#### AIM OF THE TASK:
What you return must be every line from the beginning of the data through the line holding "Flowy pink maxi dress", unchanged.

(Stored entries)
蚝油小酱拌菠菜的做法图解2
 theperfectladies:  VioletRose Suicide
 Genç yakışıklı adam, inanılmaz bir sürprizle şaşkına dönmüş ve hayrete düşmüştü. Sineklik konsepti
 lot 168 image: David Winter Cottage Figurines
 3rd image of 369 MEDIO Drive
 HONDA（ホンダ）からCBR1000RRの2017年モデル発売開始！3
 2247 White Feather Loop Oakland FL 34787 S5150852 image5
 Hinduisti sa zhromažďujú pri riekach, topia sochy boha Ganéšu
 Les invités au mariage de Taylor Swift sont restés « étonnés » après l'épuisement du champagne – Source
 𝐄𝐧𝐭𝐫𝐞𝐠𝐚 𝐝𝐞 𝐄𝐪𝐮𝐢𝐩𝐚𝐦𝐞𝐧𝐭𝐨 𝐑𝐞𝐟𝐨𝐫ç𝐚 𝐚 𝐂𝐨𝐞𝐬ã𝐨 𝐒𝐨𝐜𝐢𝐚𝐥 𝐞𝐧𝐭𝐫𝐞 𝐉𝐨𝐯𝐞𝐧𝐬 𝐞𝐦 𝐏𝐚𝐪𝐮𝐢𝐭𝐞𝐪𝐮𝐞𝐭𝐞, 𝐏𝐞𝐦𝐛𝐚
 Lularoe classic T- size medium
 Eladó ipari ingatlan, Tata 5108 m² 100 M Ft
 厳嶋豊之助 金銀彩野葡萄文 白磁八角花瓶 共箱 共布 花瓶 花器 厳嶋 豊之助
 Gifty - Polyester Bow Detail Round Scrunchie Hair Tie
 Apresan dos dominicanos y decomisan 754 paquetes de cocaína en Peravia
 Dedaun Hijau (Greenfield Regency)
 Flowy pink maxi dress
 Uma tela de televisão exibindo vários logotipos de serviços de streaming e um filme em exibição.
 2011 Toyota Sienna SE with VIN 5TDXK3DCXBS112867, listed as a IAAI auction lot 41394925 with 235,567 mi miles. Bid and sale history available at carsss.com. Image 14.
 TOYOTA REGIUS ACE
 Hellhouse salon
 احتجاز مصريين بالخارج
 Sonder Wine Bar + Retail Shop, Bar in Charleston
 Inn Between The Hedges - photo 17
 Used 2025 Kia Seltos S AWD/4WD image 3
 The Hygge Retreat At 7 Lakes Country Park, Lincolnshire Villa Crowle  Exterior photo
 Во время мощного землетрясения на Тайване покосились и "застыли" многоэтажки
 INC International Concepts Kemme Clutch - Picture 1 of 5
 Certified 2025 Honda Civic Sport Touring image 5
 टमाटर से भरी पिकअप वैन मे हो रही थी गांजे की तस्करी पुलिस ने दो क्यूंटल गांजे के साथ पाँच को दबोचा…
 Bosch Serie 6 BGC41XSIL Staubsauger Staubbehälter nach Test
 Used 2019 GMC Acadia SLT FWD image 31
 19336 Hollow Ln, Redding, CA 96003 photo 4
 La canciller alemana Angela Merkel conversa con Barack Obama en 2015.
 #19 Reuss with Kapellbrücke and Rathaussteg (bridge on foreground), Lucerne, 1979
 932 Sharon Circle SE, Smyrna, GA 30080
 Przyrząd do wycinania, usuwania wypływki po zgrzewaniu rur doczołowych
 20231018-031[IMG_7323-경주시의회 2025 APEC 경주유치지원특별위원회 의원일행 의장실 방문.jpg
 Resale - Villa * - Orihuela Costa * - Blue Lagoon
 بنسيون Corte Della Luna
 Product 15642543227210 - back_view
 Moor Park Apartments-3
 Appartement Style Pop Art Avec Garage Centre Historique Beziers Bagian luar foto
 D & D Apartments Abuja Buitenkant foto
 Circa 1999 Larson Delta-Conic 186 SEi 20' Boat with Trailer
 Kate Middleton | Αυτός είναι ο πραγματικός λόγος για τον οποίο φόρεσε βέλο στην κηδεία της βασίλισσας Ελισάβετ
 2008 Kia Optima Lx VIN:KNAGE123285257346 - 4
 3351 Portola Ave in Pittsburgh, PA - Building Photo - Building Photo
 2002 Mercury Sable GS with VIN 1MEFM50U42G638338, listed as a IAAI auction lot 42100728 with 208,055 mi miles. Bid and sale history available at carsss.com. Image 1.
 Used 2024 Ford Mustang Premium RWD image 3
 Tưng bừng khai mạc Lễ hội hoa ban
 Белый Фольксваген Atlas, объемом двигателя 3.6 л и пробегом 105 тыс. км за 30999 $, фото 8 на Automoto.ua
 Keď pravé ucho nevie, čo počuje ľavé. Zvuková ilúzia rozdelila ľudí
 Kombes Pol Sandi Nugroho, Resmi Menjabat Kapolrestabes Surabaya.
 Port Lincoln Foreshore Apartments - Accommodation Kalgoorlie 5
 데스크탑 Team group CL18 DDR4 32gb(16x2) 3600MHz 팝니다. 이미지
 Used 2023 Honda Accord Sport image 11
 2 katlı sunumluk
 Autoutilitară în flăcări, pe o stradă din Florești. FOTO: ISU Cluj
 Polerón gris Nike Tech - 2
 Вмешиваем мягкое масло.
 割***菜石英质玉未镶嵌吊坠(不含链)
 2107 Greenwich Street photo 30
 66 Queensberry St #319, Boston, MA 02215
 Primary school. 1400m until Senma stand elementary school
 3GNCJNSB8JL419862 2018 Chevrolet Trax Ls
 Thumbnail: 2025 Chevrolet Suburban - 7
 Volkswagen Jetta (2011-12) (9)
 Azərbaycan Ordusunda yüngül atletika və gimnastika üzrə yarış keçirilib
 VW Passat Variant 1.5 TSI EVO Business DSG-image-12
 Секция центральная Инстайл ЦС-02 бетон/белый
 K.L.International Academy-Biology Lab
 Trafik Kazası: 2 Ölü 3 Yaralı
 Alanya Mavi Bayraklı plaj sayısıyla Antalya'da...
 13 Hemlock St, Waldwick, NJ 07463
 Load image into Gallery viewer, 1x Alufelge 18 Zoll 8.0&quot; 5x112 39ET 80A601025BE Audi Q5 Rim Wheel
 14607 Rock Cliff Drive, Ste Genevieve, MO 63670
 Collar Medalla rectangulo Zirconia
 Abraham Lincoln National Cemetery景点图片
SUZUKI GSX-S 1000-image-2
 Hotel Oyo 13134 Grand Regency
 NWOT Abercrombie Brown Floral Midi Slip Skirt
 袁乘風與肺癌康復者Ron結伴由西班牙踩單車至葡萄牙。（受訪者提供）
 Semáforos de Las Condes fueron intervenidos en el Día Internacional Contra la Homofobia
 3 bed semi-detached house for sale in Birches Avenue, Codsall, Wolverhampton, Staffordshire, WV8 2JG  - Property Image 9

#### YOUR RESPONSE:
蚝油小酱拌菠菜的做法图解2
 theperfectladies:  VioletRose Suicide
 Genç yakışıklı adam, inanılmaz bir sürprizle şaşkına dönmüş ve hayrete düşmüştü. Sineklik konsepti
 lot 168 image: David Winter Cottage Figurines
 3rd image of 369 MEDIO Drive
 HONDA（ホンダ）からCBR1000RRの2017年モデル発売開始！3
 2247 White Feather Loop Oakland FL 34787 S5150852 image5
 Hinduisti sa zhromažďujú pri riekach, topia sochy boha Ganéšu
 Les invités au mariage de Taylor Swift sont restés « étonnés » après l'épuisement du champagne – Source
 𝐄𝐧𝐭𝐫𝐞𝐠𝐚 𝐝𝐞 𝐄𝐪𝐮𝐢𝐩𝐚𝐦𝐞𝐧𝐭𝐨 𝐑𝐞𝐟𝐨𝐫ç𝐚 𝐚 𝐂𝐨𝐞𝐬ã𝐨 𝐒𝐨𝐜𝐢𝐚𝐥 𝐞𝐧𝐭𝐫𝐞 𝐉𝐨𝐯𝐞𝐧𝐬 𝐞𝐦 𝐏𝐚𝐪𝐮𝐢𝐭𝐞𝐪𝐮𝐞𝐭𝐞, 𝐏𝐞𝐦𝐛𝐚
 Lularoe classic T- size medium
 Eladó ipari ingatlan, Tata 5108 m² 100 M Ft
 厳嶋豊之助 金銀彩野葡萄文 白磁八角花瓶 共箱 共布 花瓶 花器 厳嶋 豊之助
 Gifty - Polyester Bow Detail Round Scrunchie Hair Tie
 Apresan dos dominicanos y decomisan 754 paquetes de cocaína en Peravia
 Dedaun Hijau (Greenfield Regency)
 Flowy pink maxi dress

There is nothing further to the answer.